• [Directions for this task] Reproduce word for word the lines between those holding "Philosophy - word" and "Paws of a stone lion", inclusive, and nothing else from the data below.

• [Dataset records]

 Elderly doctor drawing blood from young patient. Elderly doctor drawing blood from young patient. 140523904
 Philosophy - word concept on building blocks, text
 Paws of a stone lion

--

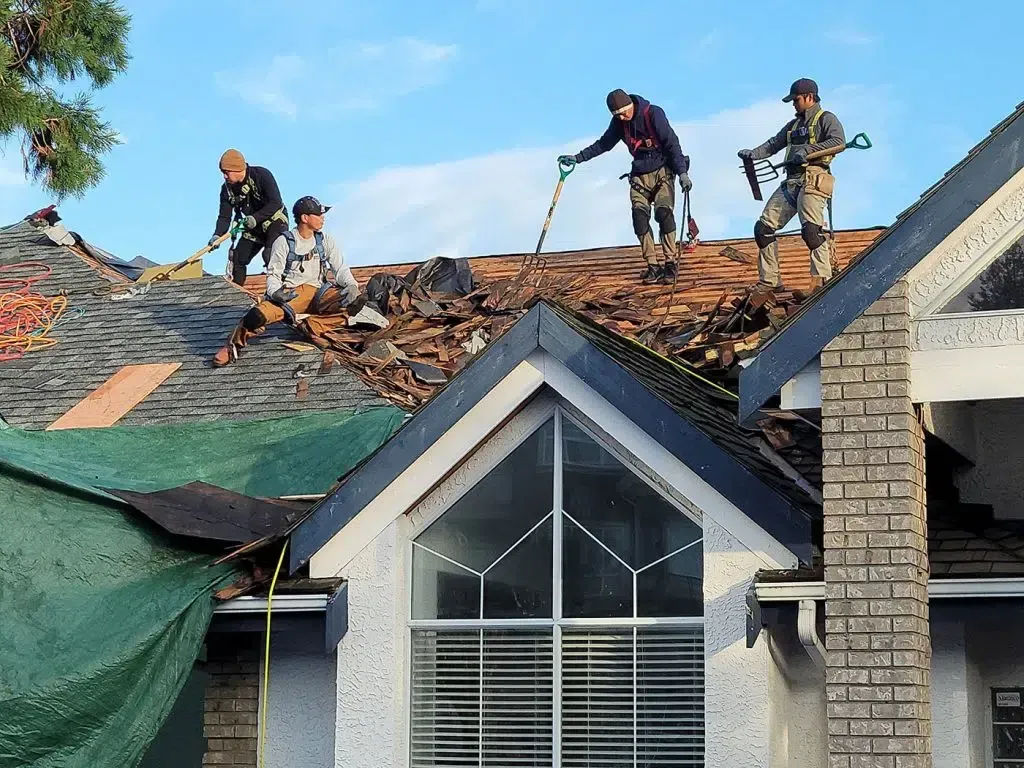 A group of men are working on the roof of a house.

• [Answer section]
 Philosophy - word concept on building blocks, text
 Paws of a stone lion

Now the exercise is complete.